Tom Friedman interviewed me for a NY Times column on this subject, six years ago:

“We created a way of raising standards of living that we can’t possibly pass on to our children,” said Joe Romm, a physicist and climate expert who writes the indispensable blog climateprogress.org. We have been getting rich by depleting all our natural stocks — water, hydrocarbons, forests, rivers, fish and arable land — and not by generating renewable flows.

“You can get this burst of wealth that we have created from this rapacious behavior,” added Romm. “But it has to collapse, unless adults stand up and say, ‘This is a Ponzi scheme. We have not generated real wealth, and we are destroying a livable climate …’ Real wealth is something you can pass on in a way that others can enjoy.”

The adults, in short, are not standing up. Sadly, most still haven’t even taken the time to understand that they should.

And so every generation that comes after the Baby Boomers is poised to experience the dramatic changes in lifestyle that inevitably follow the collapse of any Ponzi scheme, a point that bears repeating on Black Friday.

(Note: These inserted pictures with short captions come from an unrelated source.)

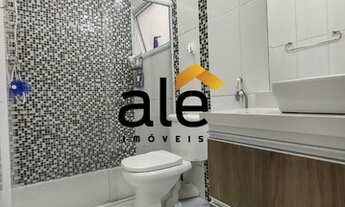 Imagem 4: CASA RESIDENCIAL em SUMARÉ - SP, RESIDENCIAL REAL PARQUE SUMARÉ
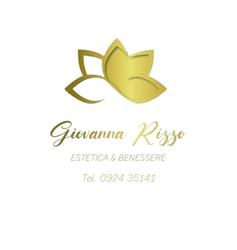 Estetica e Benessere Giovanna Rizzo, Castellammare del Golfo orari di apertura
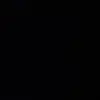 Victorhart_ - @victormhart - TikTok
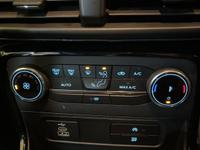 FORD ECOSPORT Photo 11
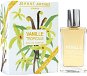 JEANNE ARTHES Vanille Tropicale EdP 30 ml - Eau de Parfum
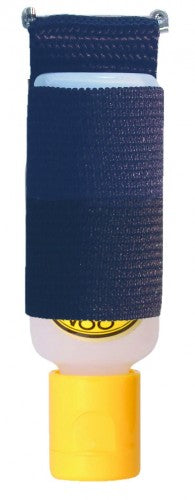 Floatant Holder
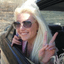 Jennifer Barnes comment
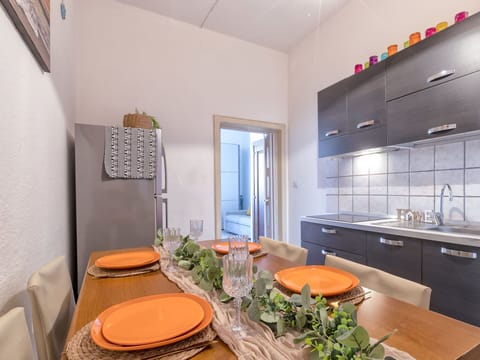 Outdoor Furniture, Shade, Balcony, Porch, Eco Hotel, Chair, Outdoor Table, Wood Stain, Kitchen & Dining Room Table, Villa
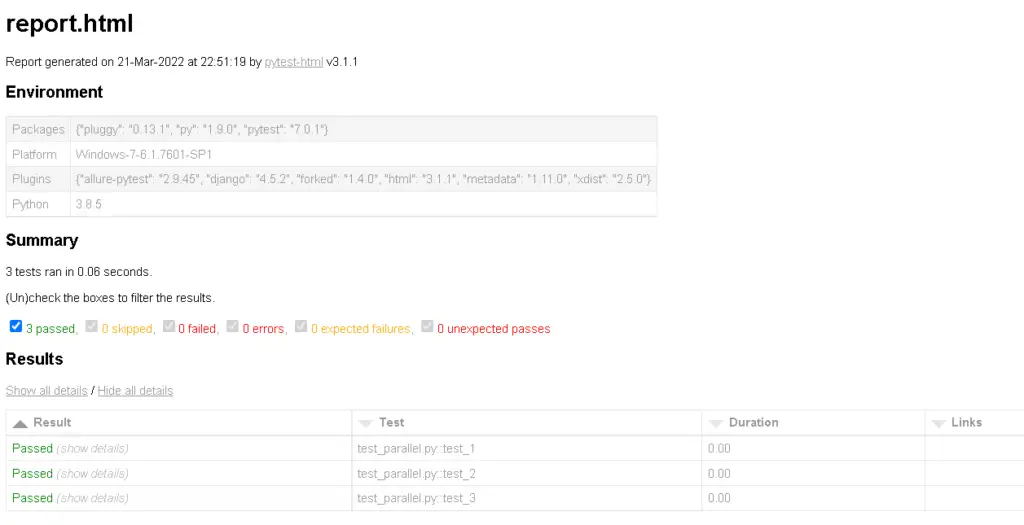 pytest-tutorial-executing-multiple-test-cases-from-single-file-hashnode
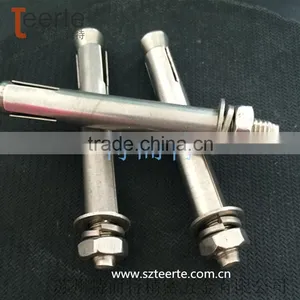 Threaded Stud thumbnail-4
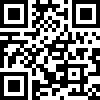 https://khabaronline.ir/x7yhW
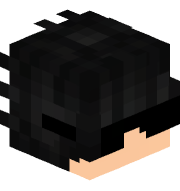 smash404L0L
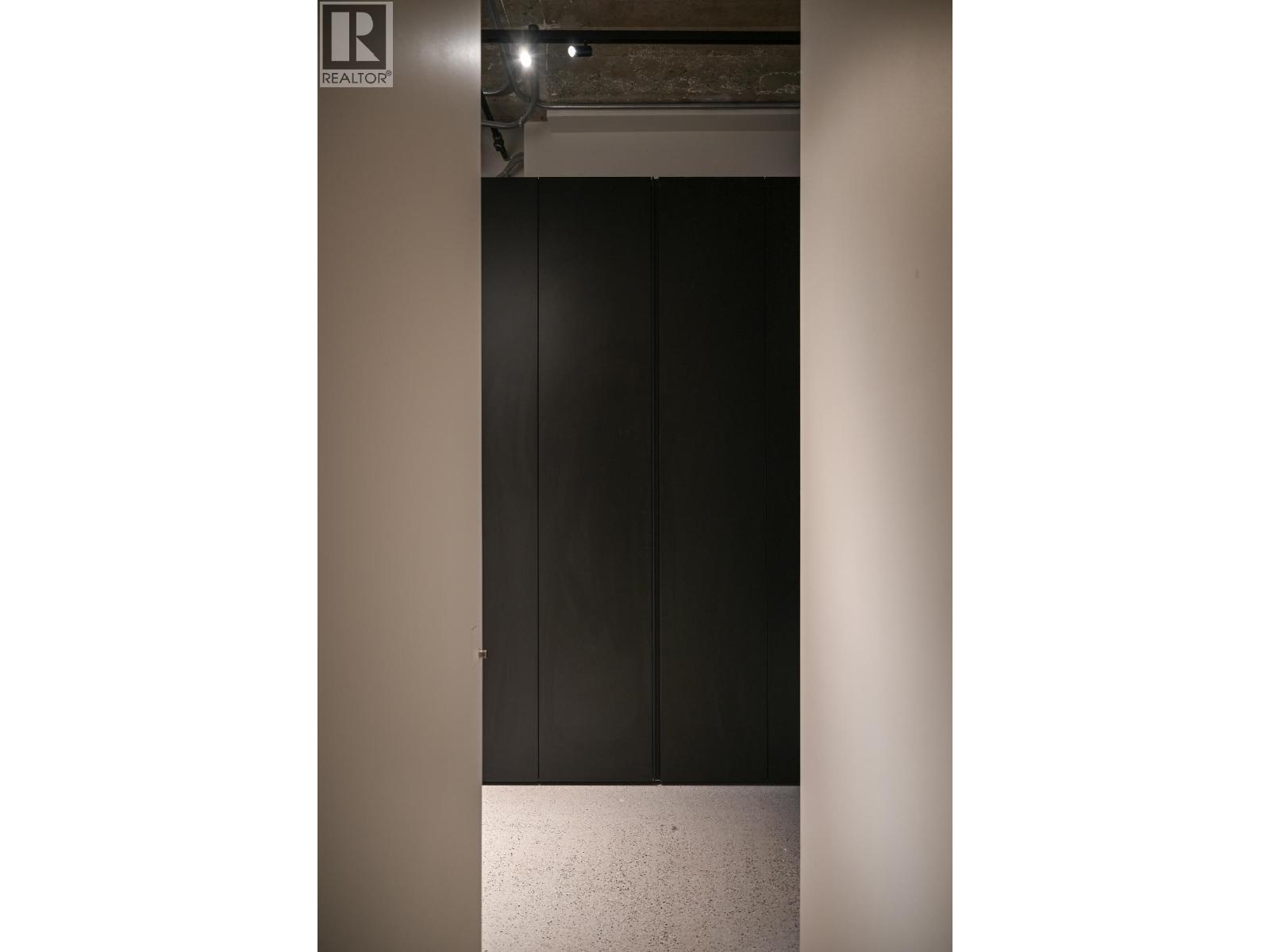 205 546 BEATTY STREET, Vancouver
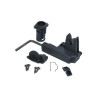 buddyslothulsset Piaggio origineel fly 652695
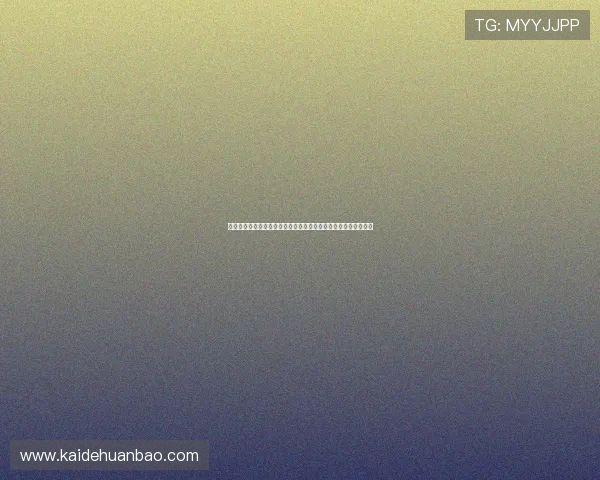 雷霆靠失误得分骤降此前场均二五点九近两战仅五十一显隐忧问题 雷霆靠失误得分骤降此前场均二五点九近两战仅五十一显隐忧问题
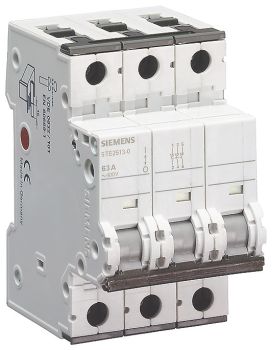 Siemens 5TE25130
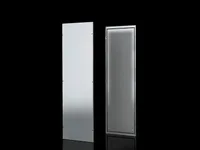 Rittal TS 8186.235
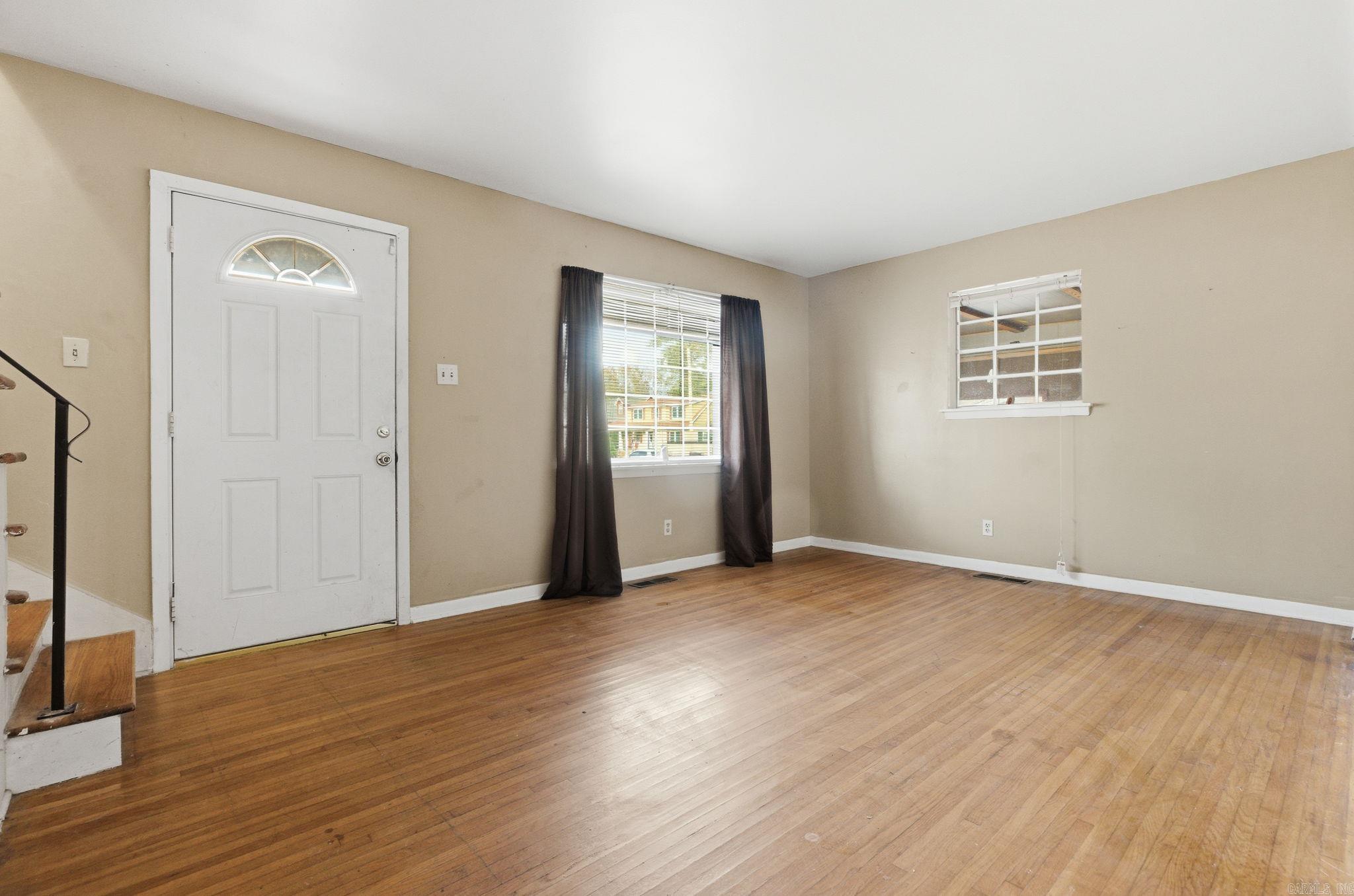 13 Daven Court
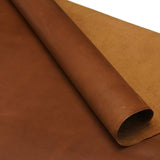 411K-005.SLC.01.jpg Cypress Oil Tan Sides Image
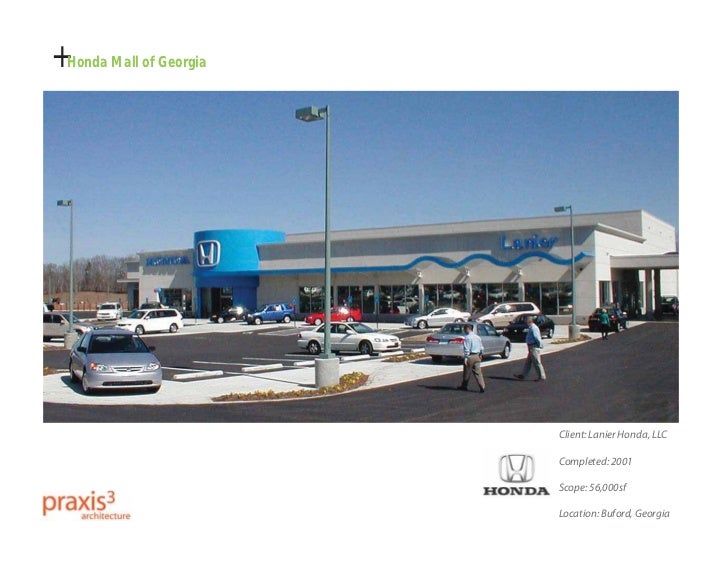 Grey Daniels Ford >> Praxis3 Automotive Ppt Email Res01 Grey Daniels Ford >> Praxis3 Automotive Ppt Email Res01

In our version of a Ponzi scheme, investors (i.e. current generations) are paying themselves (i.e. you and me) by taking the nonrenewable resources and livable climate from future generations. To perpetuate the high returns the rich countries in particular have been achieving in recent decades, we have been taking an ever greater fraction of nonrenewable energy resources (especially hydrocarbons) and natural capital (fresh water, arable land, forests, fisheries), and, the most important nonrenewable natural capital of all — a livable climate.

See also the study “The Monetary Cost of the Non-Use of Renewable Energies,” which finds that “every day we delay substituting renewables for fossil fuels,” every day “fossil raw materials are consumed as one-time energy creates a future usage loss of between 8.8 and 9.3 billion US Dollars.” Oil and coal are essentially too valuable to burn even ignoring the cost of their climate-destroying emissions.

We aren’t all Madoffs in the sense of people who have knowingly created a fraudulent Ponzi scheme for humanity. But given all of the warnings from scientists and international governments and independent energy organizations over the past quarter-century — it has gotten harder and harder for any of us to pretend that we are innocent victims, that we aren’t just hoping we can maintain our own personal wealth and well-being for a few more decades before the day of reckoning. Après nous le déluge.

Certainly the upcoming Paris climate talks are an important step to take us off the road to unimaginable 11°F warming, but we will need to do a great deal more for decades to come to avoid catastrophic 7°F warming. Switching off of coal and onto carbon-free sources of energy is an essential first start. But we are still going to have to end our hypermaterialism to avoid collapse.